Anggota Komisi XI DPR Puteri Anetta Komarudin/Iconomics
Pemerintah diminta menyusun skema kredit pemilikan rumah (KPR) bersubsidi untuk memenuhi kebutuhan dan kemampuan daya beli kaum milenial. Pemerintah juga diingatkan agar lebih berhati-hati dalam menjalankan rencana pengembangan sekuritisasi cicilan KPR atau dikenal sebagai mortgage-backed securities (MBS).
Demikian disampaikan anggota Komisi XI DPR Puteri Anetta Komaruddin sebagai tanggapan atas Menteri Keuangan Sri Mulyani Indrawati. Dalam pernyataannya, Sri Mulyani menyebut generasi milenial sulit mendapatkan hunian rumah dengan harga terjangkau. Dan ini disebut menjadi masalah yang dihadapi kaum milenial.
Puteri menuturkan, sebagai perusahaan pembiayaan sekunder, perumahan yang dibentuk membeli suatu KPR dari bank kreditur, MBS memiliki skema penagihan yang dikemas dengan suatu efek utang. Dan nantinya akan dijual kepada investor seperti perusahaan asuransi, dana pensiun, serta investor perorangan.

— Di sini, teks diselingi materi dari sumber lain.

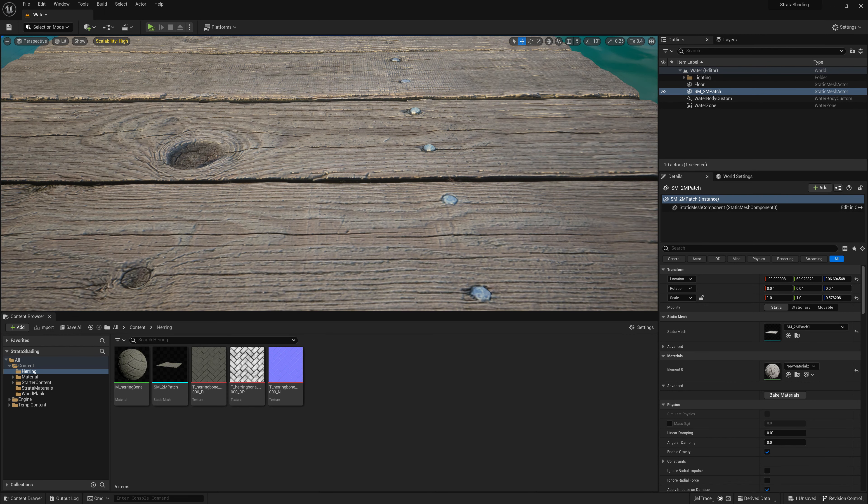In this video we're going to go over a brand new feature in Unreal 5.2. We're going to take a look at how you can utilize displacement with Nanite.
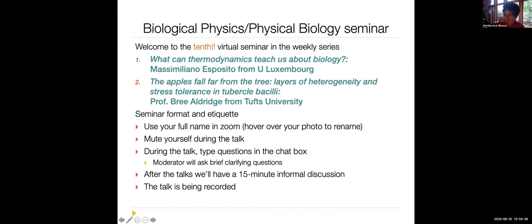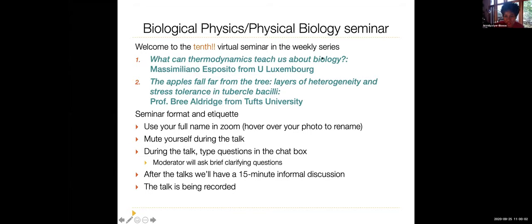Hi everybody. It's my total pleasure and honor to welcome you to our biological physics and physical biology virtual seminar series organized by myself, Momida Das, Kimberly Behrich, and Meredith Bereton. Today we have two treats. First talk: what can thermodynamics teach us from biology, from Massimilano Esposito from University of Luxembourg.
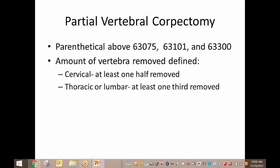If you look in the CPT professional book on page 407, those guidelines are listed twice on that page and are in green. When you are having problems with an insurance carrier covering these, you can copy that page and show them — and also page 409 — as long as your provider has documented how much of the vertebra was removed. It's going to be really important that they start documenting that.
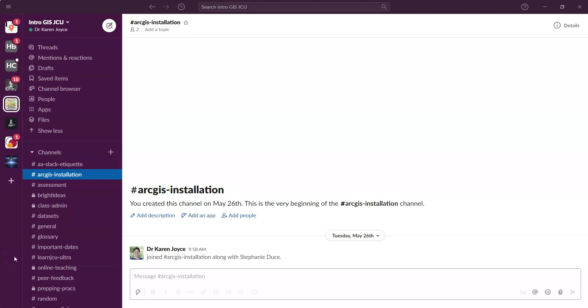Hi everyone, welcome to Slack. This is the place where we're going to be having a lot of our online discussions. So if you've got a question, a query, or some troubleshooting that needs to be done, we're going to pop this into Slack. It's sort of like a discussion board type space, but it's far better than the LearnJCU discussion board. So rather than send us an email, pop everything in here and save emails for anything confidential that you need to discuss with me or Steph.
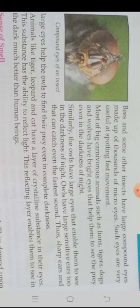Owls have large eyes that enable them to see in the darkness of night. Owls also have large sensitive ears that can catch even the faintest sounds. These sharp ears and large eyes help owls to find their prey even in complete darkness.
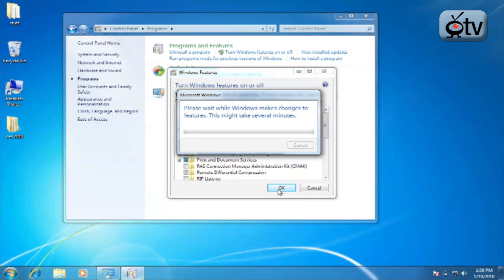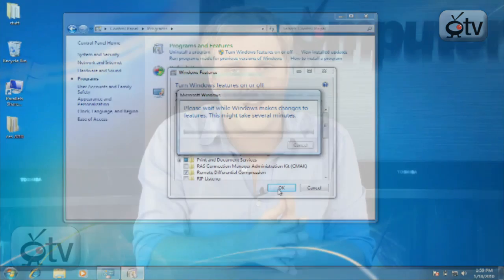And then, of course, if you want to put Internet Explorer 8 back on your machine, you simply make sure that that check box is clicked. And that is how you remove Internet Explorer 8 from your Windows 7 machine if you decide you want to change to another browser, or re-add it if you decide you want to come back.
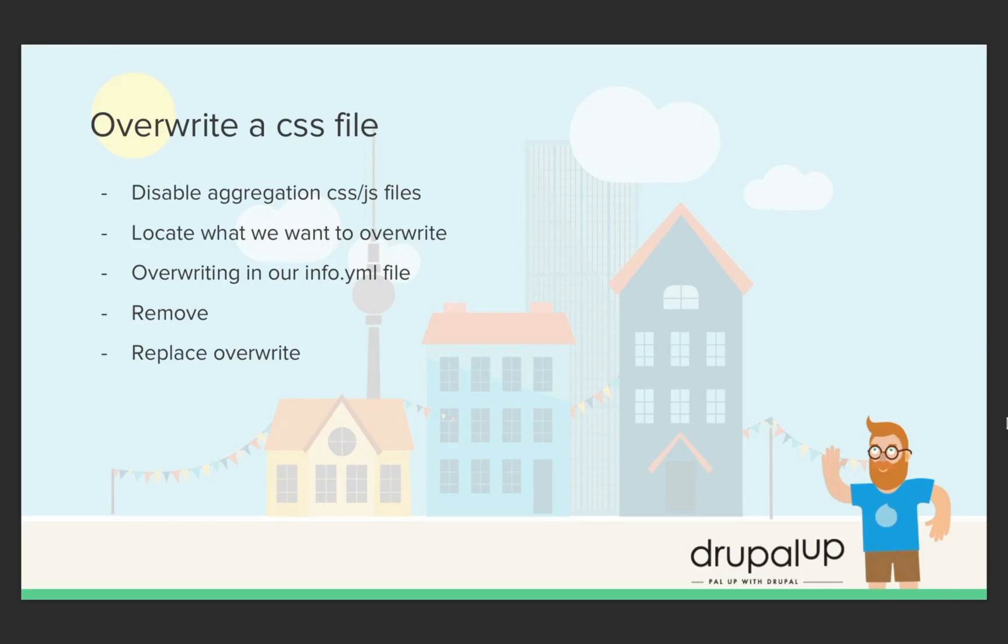In this video we will take a look at how we can overwrite CSS files. We will disable the aggregation of the CSS and JavaScript files.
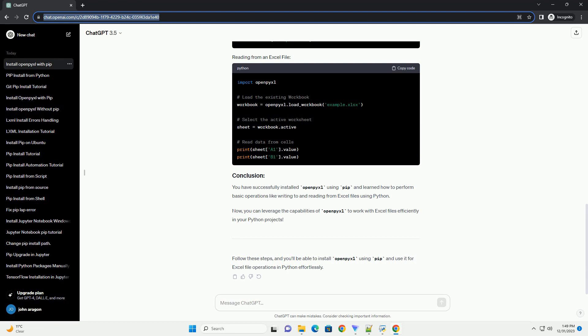You have successfully installed openpyxl using pip and learned how to perform basic operations like writing to and reading from Excel files using Python. Now, you can leverage the capabilities of openpyxl to work with Excel files efficiently in your Python projects.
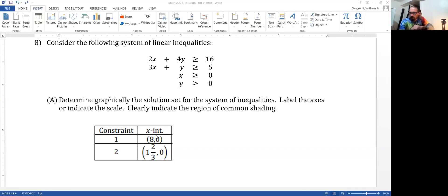Here's the x-intercept for each of the first two. We're getting one and two-thirds comma zero, because five divided by three as a mixed number is one and two-thirds. When we put in zero for y in the first one, four times zero is zero, and two x plus zero is just two x, so solving two x equals 16 gives us x equals eight.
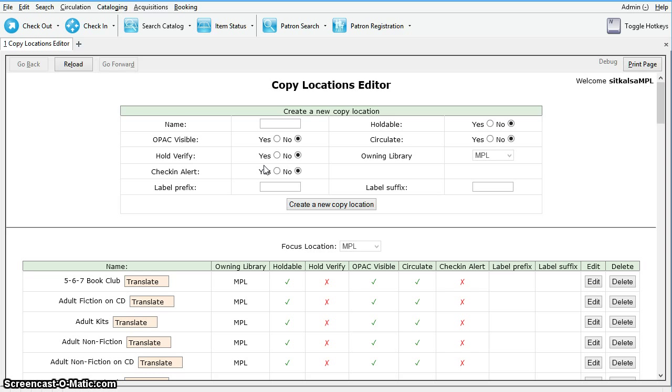Label Prefix and Label Suffix, if set up, will be automatically included when printing spine labels. Text in the Label Prefix and Suffix fields will automatically be added to spine labels printed, but it does not affect OPAC or Staff Client Display.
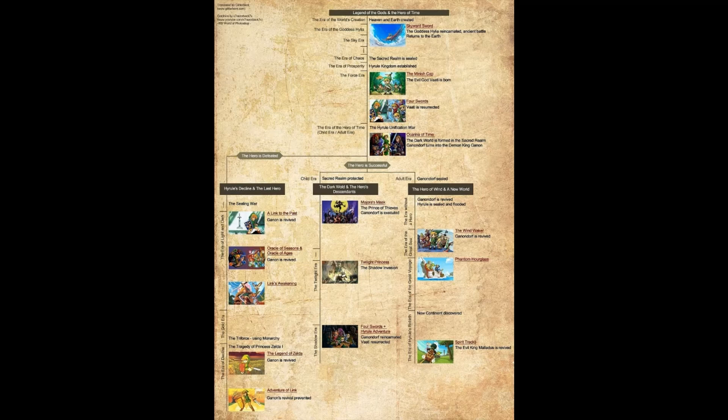For now let's take a look at the Zelda timeline where I'm gonna be breaking it down, hopefully in under two minutes or so. The first four Zelda games are very linear in their timeline since they go: Skyward Sword, The Minish Cap, Four Swords, and Ocarina of Time.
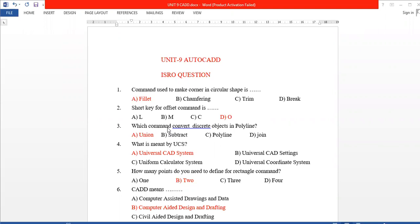Unit 9, AutoCAD. We will discuss the questions. Subscribe to our channel. We will discuss how to discuss the course — Unit 9, AutoCAD. We will discuss these questions.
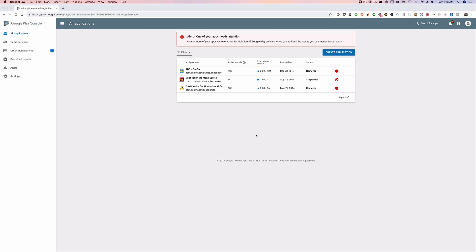But we do do a lot of Google Play ASO. The downside is I don't want to share with you any of my clients accounts. So I'm just going to use mine, even though it looks a little crappy and all the apps are removed, but you can still see how we're going to find those downloads.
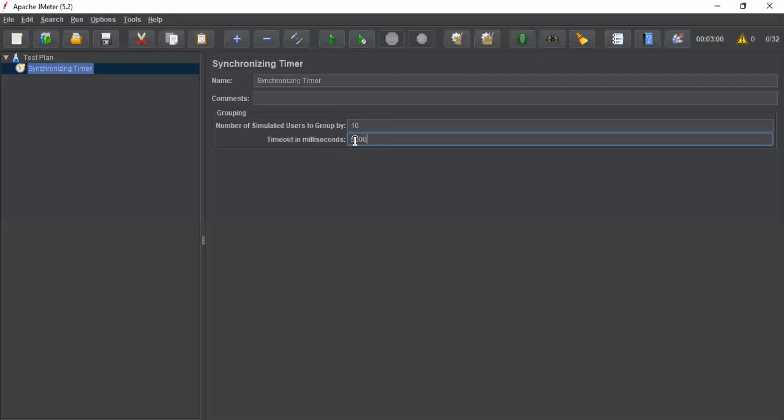Then the timer will wait for all the threads to reach the value of 5 seconds. It will wait till the time 5 seconds, group or pool all the threads, and then release after the timeout.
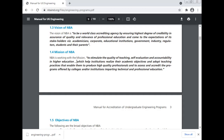The mission of NBA is to stimulate quality of teaching, self-evaluation, and accountability in higher education, to help institutions realize their academic objectives and adopt teaching practices that enable them to produce high-quality professionals, and to assess and accredit programs offered by colleges or institutions imparting technical and professional education.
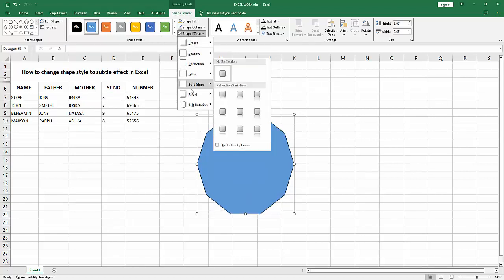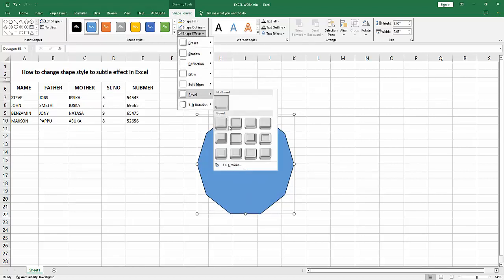And select the Bevel. We can see here many effects. Now I am finding and selecting a subtle effect.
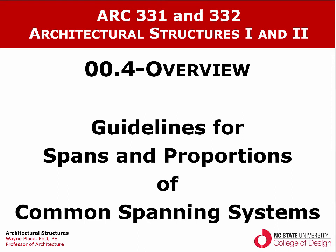Welcome to our fourth overview video focusing on guidelines for spans and proportions of common spanning systems. These guidelines are based on structural behavior, structural optimization, and overall economic optimization of the system.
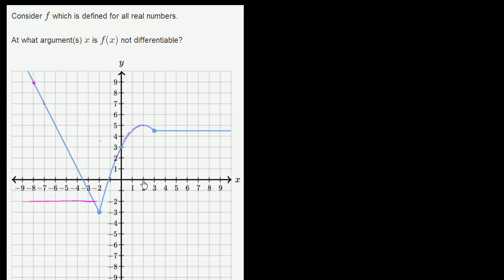Then the slope becomes lower and lower all the way until I get to x equals 2, and it continues to get lower all the way until x equals 3. It looks like the slope is decreasing at a constant rate over this interval. But then right as x crosses 3, this becomes a flat line — the slope is 0 there. So right as x crosses 3, the slope becomes 0.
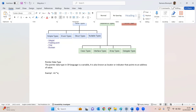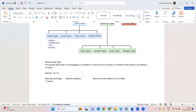We use two symbols with pointers. The first is the ampersand (&), which is the address operator — its purpose is to determine the address of a variable. The second is the asterisk (*), which is the indirection operator — its purpose is to access the value at an address. So ampersand returns the address and asterisk returns the value stored at that address.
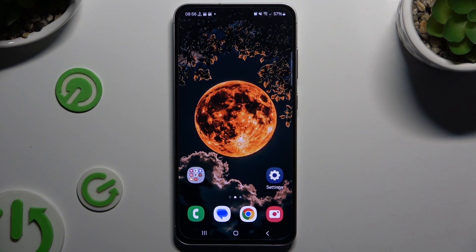In front of me is Samsung Galaxy S24 FE and today I would like to show you how you can turn on or off adaptive brightness.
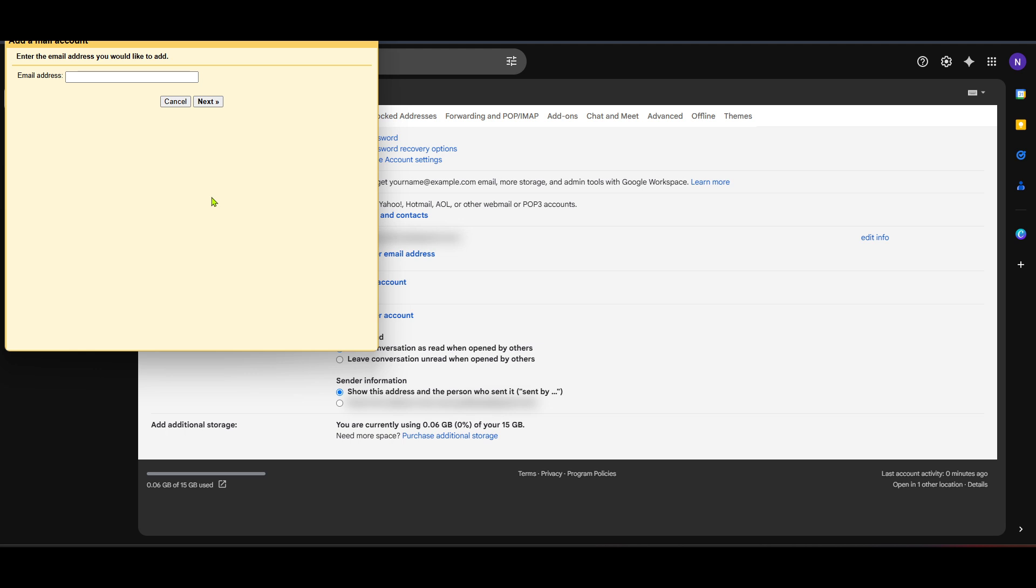Proceed by clicking Next again. The following step is setting up the specific POP3 settings. Generally, Gmail will autofill many of these settings for you, but it's essential to verify them to ensure they are correct. You'll need to enter the server details and your Hotmail password.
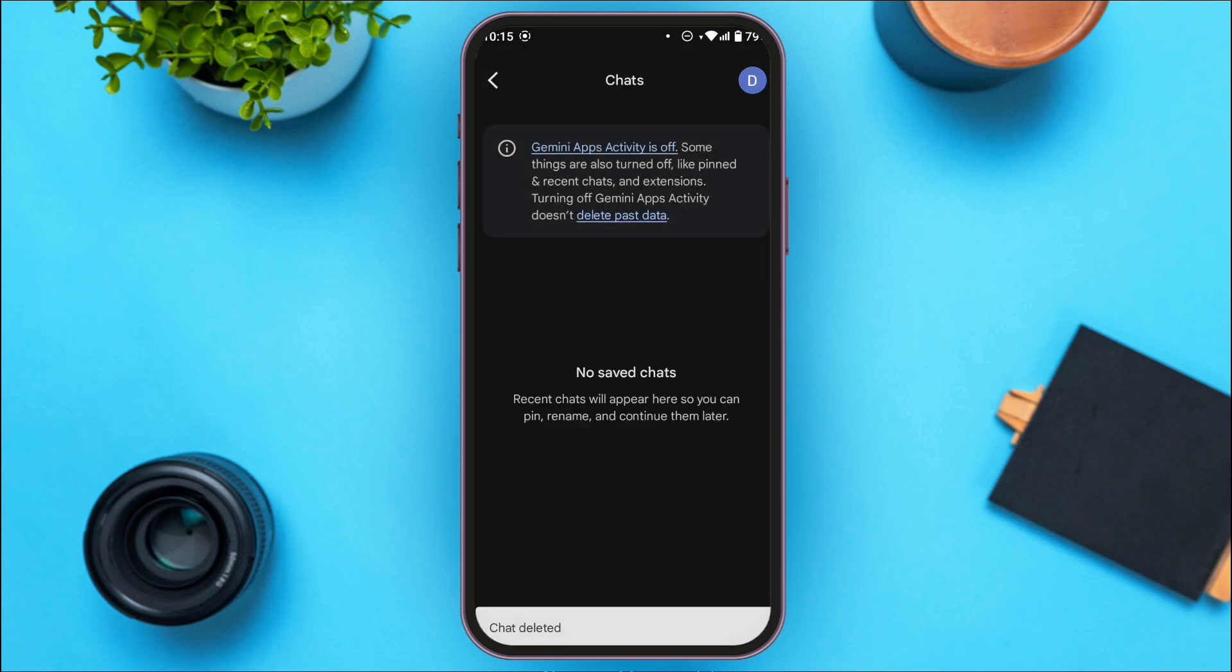Now you can see over here your chat history is not showing. So that is how you delete chat history from Gemini app.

Di berbagai negara, kata Puteri, MBS menjadi salah satu alternatif dari sisi pembiayaan di pasar pendanaan KPR yang dapat menjadi sumber pendanaan jangka menengah dan jangka panjang yang konsisten. Karena itu, berkaca dari pengalaman krisis keuangan global pada 2008, pemerintah diminta lebih berhati-hati dan mempertimbangkan berbagai risiko jika menerapkan skema MBS untuk pendanaan KPR.
“Rencana ini perlu diperhitungkan dengan matang disertai manajemen risiko yang baik dan transparan,” kata Puteri dalam keterangan resminya, Rabu (13/7).
Di sisi lain, kata Puteri, untuk menjaga stabilitas suku bunga acuan dan menurunkan risiko aset tertimbang menurut risiko (ATMR) di sektor properti, Bank Indonesia (BI) perlu mengambil langkah strategis termasuk melonggarkan uang muka kredit rumah.
Sebelumnya, Sri Mulyani mengatakan, kebutuhan tempat tinggal di Indonesia masih menjadi tantangan yang perlu diselesaikan seluruh stakeholders. Persoalan tersebut datang dari sisi supply (produksi rumah) dan demand (membutuhkan rumah). Dan pasar hanya dapat tercipta apabila dua sisi tersebut bertemu.
Tetapi, jika terdapat constraint, kata Sri Mulyani, dua sisi itu tidak akan bertemu, atau mungkin bertemu di tingkat ekuilibrium yang tidak mencerminkan kebutuhan akan papan. Maka dari hal itu dapat disimpulkan, kebutuhan akan rumah di Indonesia, dengan demografi terbesar generasi muda membutuhkan perhatian khusus dari pemerintah untuk menyelesaikan persoalan tersebut.